## Directions
Once the line containing "Chinese Premier Wen" is found, please copy it and all lines after it through the end of the records, exactly, leaving out pictures.

*** Exercise material

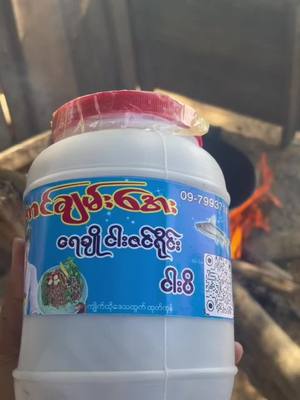 A post by @aungchanaye on TikTok caption: ေအာင္ခ်မ္းေအး ငပိကဆိုရင္ နာမည္ႀကီးတာက အရမ္းကို စားေကာင္းလို လူတိုင္ႀကိဳက္တလိုေပါ့ ✌️❤️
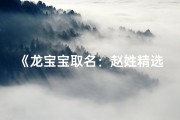 《龙宝宝取名：赵姓精选两字大全，寓意吉祥》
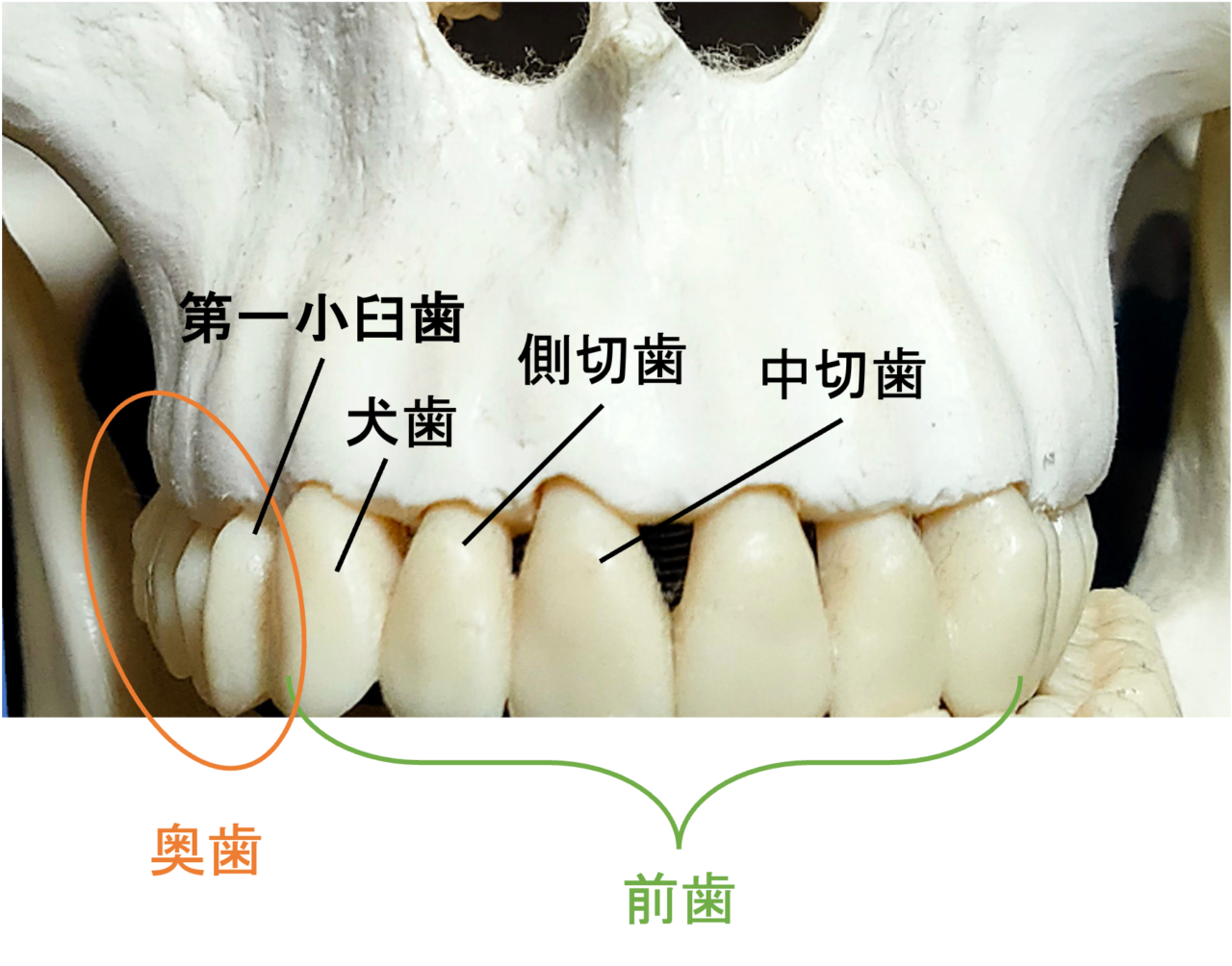 笑ったときに見える歯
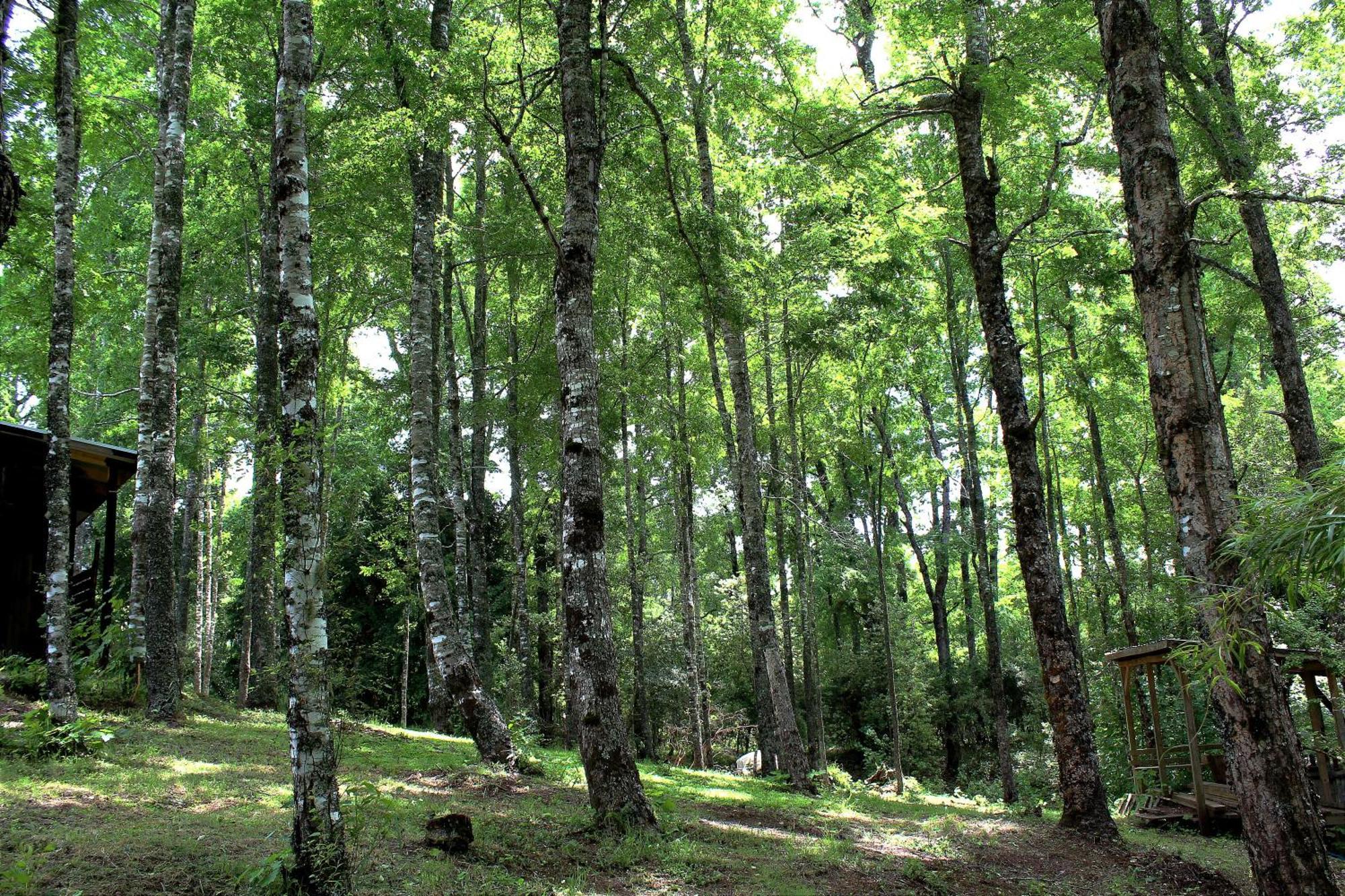 Cabanas Am Berg Pucón Dış mekan fotoğraf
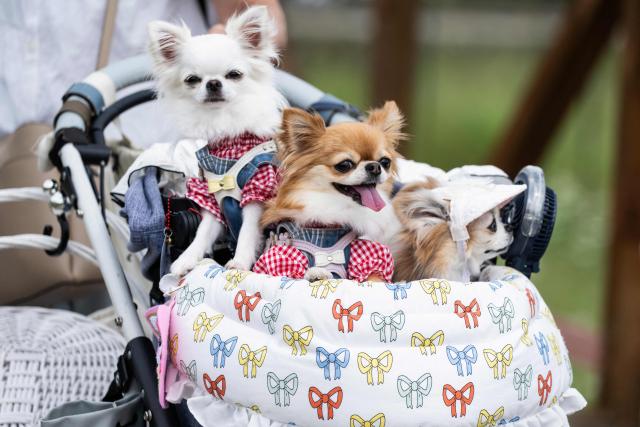 Dressed up dogs ride in a stroller in Yamanakako Hana no Miyako park near Mt. Fuji in Yamanakako, Yamanashi Prefecture on August 30, 2026. (Photo by Andrew CABALLERO-REYNOLDS / AFP)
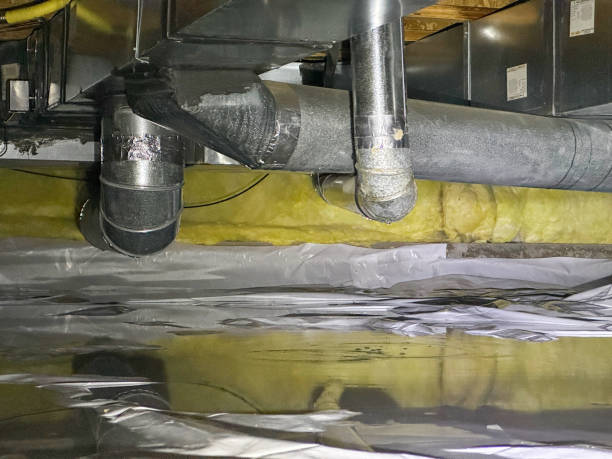 Best Water damage cleanup near me  in Columbia, MS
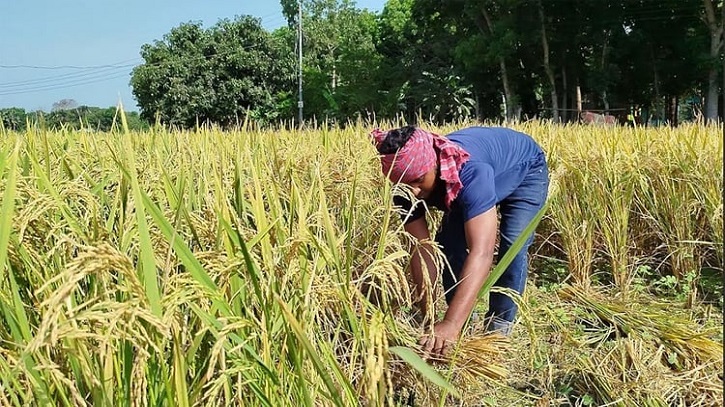 নড়াইলে ২৫,১৪৬ টন আউশ উৎপাদনের লক্ষ্যমাত্রা নির্ধারণ করেছে ডিএই নড়াইলে ২৫,১৪৬ টন আউশ উৎপাদনের লক্ষ্যমাত্রা নির্ধারণ করেছে ডিএই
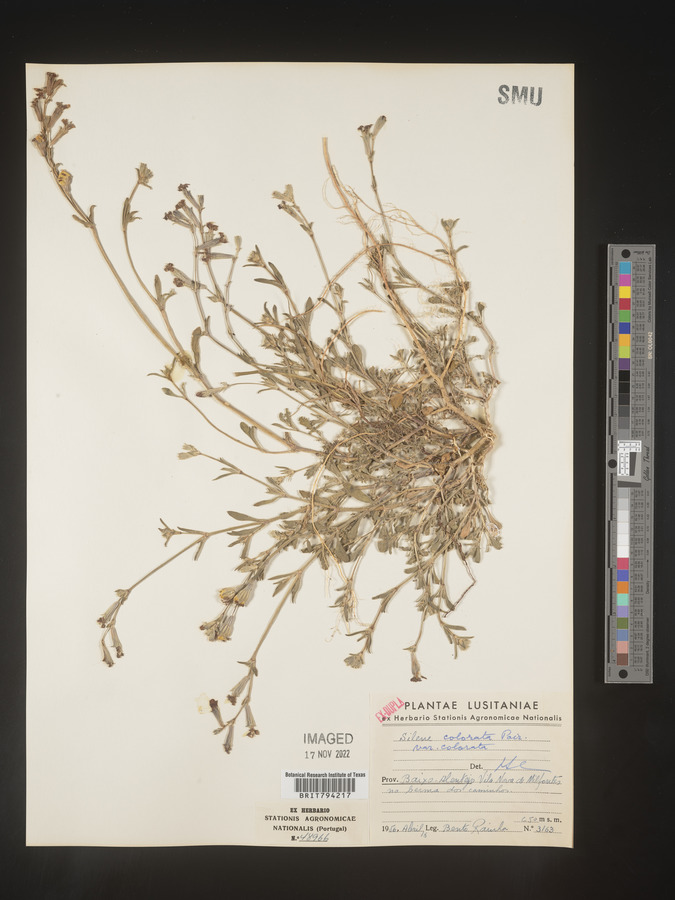 Silene colorata var. colorata image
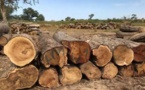 Tambacounda : un trafic transfrontalier de bois démantelé à Makacolibantang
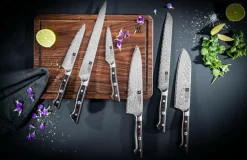 ZWILLING Kockkniv Tanrei 20 cm
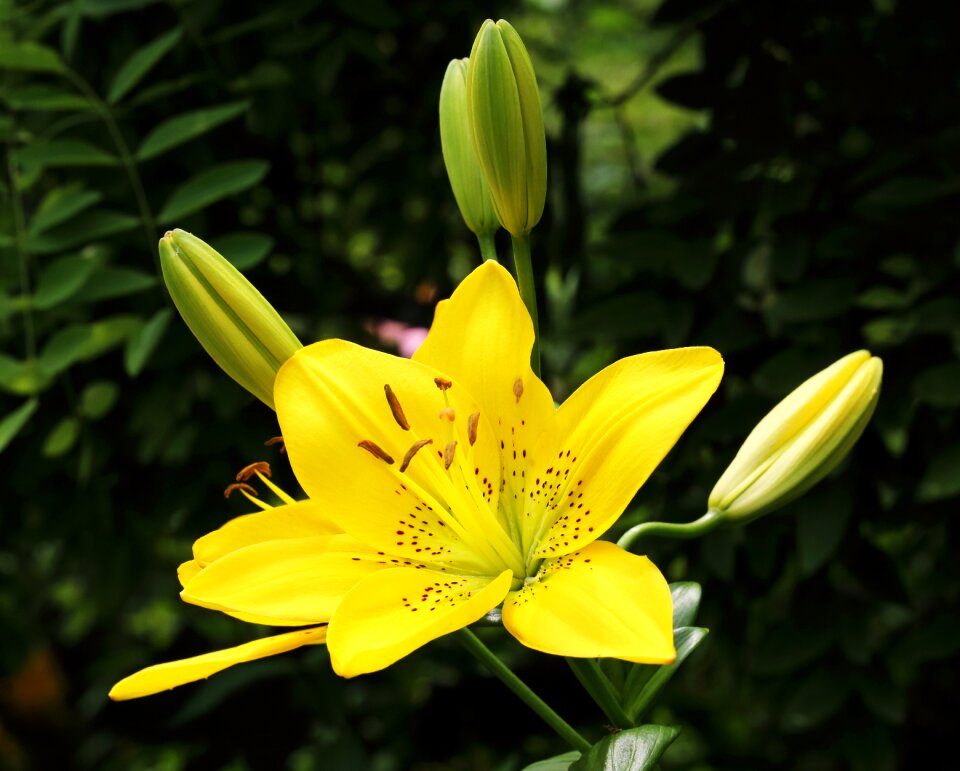 Yellow flowers republic of korea lily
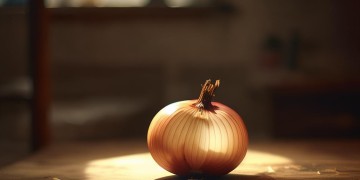 洋葱半剥落出自哪首歌?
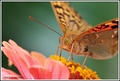 Argynnis pando…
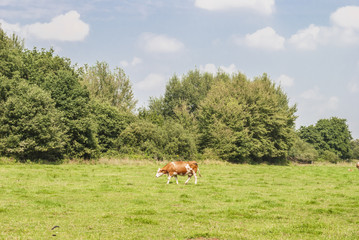 Cows on a field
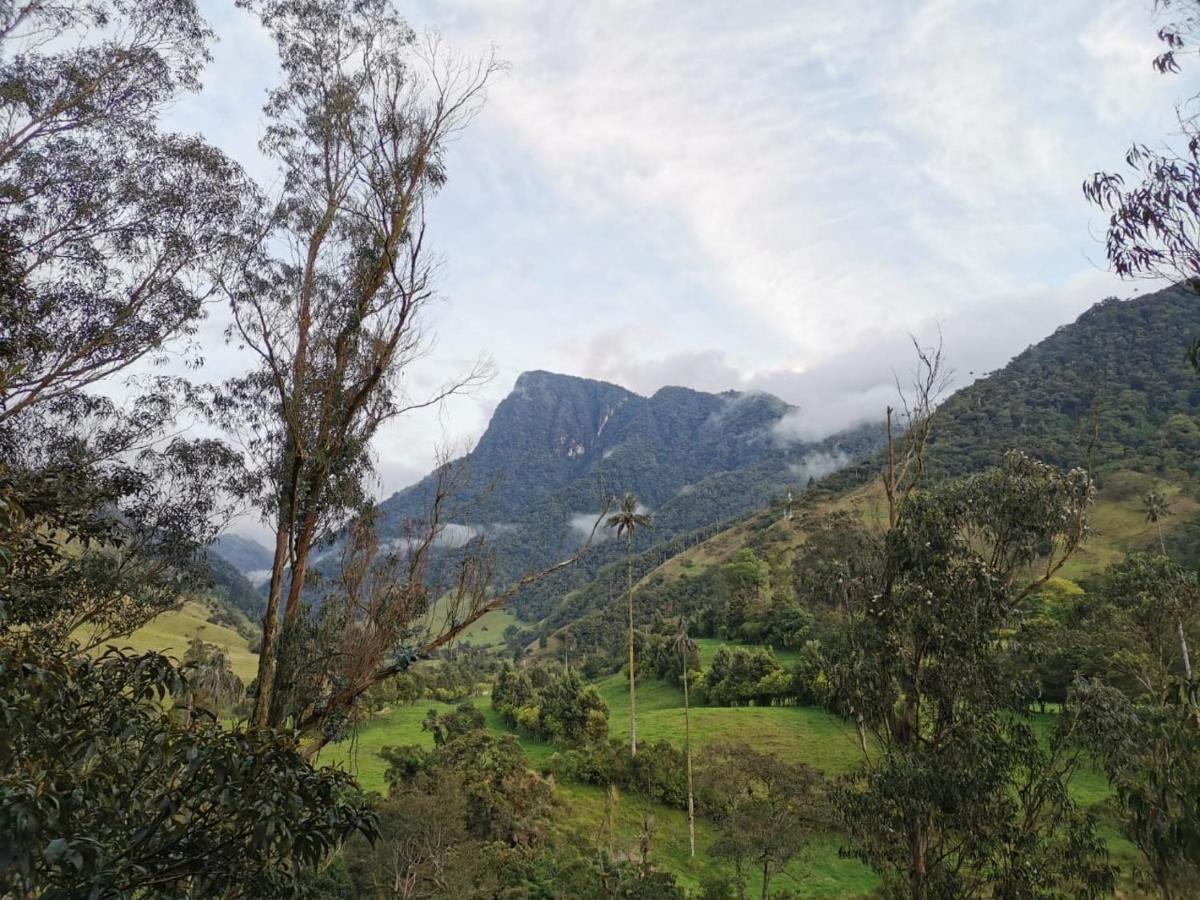 Cabanas Valle Del Cocora La Truchera 살렌토 외부 사진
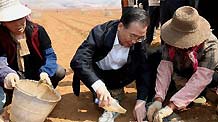 Chinese Premier Wen Jiabao (C) adds soil to the plastic bags to rear corn seedlings in the field in Luliang County, southwest China's Yunnan Province, March 20, 2010.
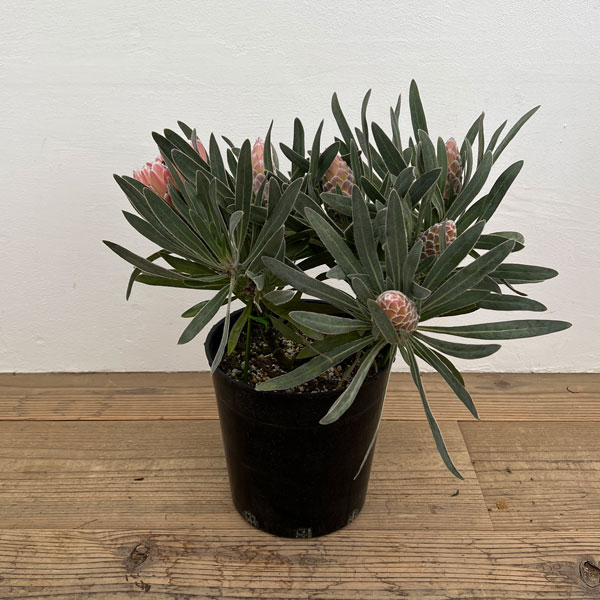 プロテア：ジュリエット7号25-05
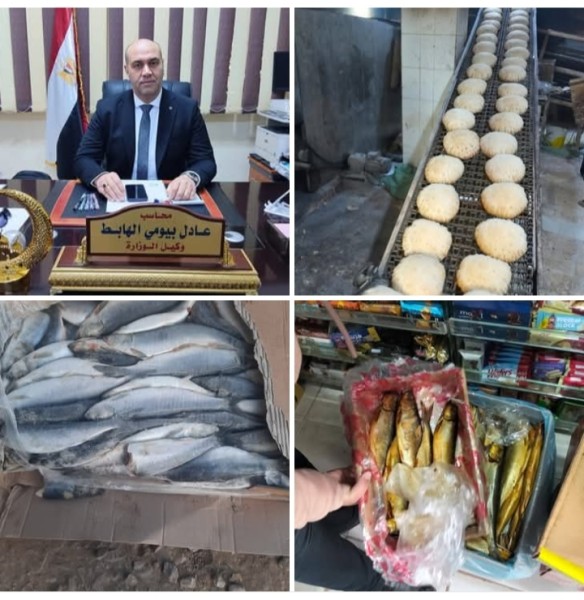ضبط لحوم فاسدة وأطنان أغذية مجهولة المصدر في ضربات موجعة للمخالفين بأسواق كفر الشيخ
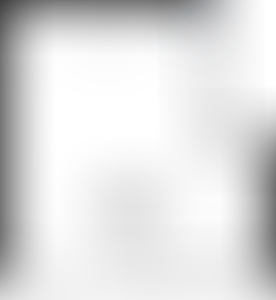 Изображение карточки лота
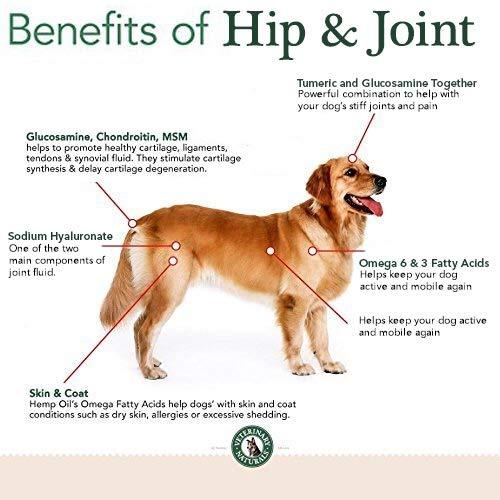 what can i give my dog for hip and joint pain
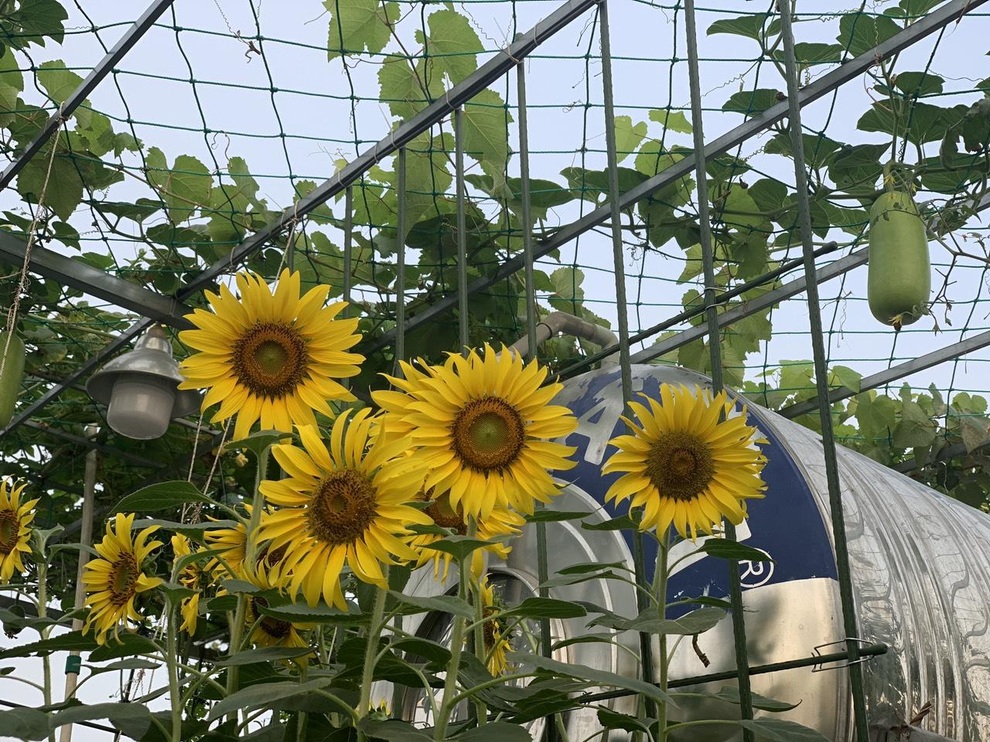 Khu vườn trên cao, rộng 60m2 có nhiều rau, trái lạ của mẹ đảm ở Sài Gòn - 14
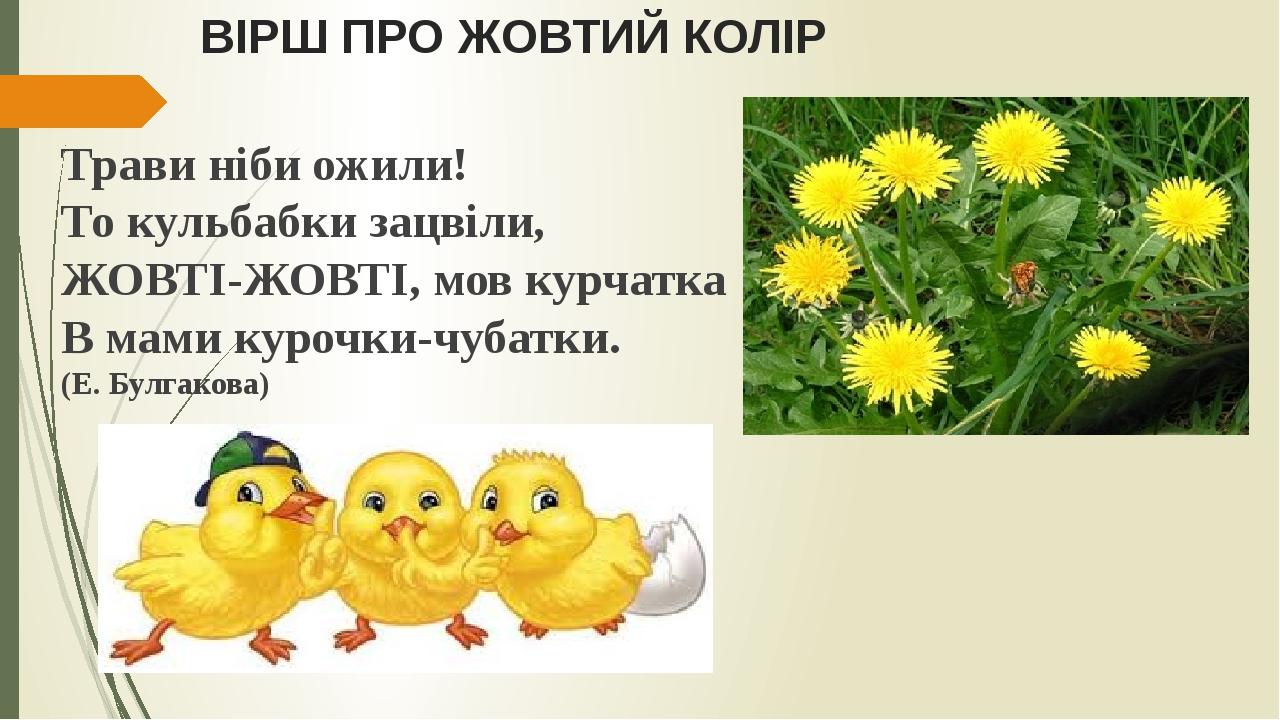 ВІРШ ПРО ЖОВТИЙ КОЛІР Трави ніби ожили! То кульбабки зацвіли, ЖОВТІ-ЖОВТІ, мов курчатка В мами курочки-чубатки. (Е. Булгакова)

******

## Response box
 Chinese Premier Wen Jiabao (C) adds soil to the plastic bags to rear corn seedlings in the field in Luliang County, southwest China's Yunnan Province, March 20, 2010.
 プロテア：ジュリエット7号25-05
ضبط لحوم فاسدة وأطنان أغذية مجهولة المصدر في ضربات موجعة للمخالفين بأسواق كفر الشيخ
 Изображение карточки лота
 what can i give my dog for hip and joint pain
 Khu vườn trên cao, rộng 60m2 có nhiều rau, trái lạ của mẹ đảm ở Sài Gòn - 14
 ВІРШ ПРО ЖОВТИЙ КОЛІР Трави ніби ожили! То кульбабки зацвіли, ЖОВТІ-ЖОВТІ, мов курчатка В мами курочки-чубатки. (Е. Булгакова)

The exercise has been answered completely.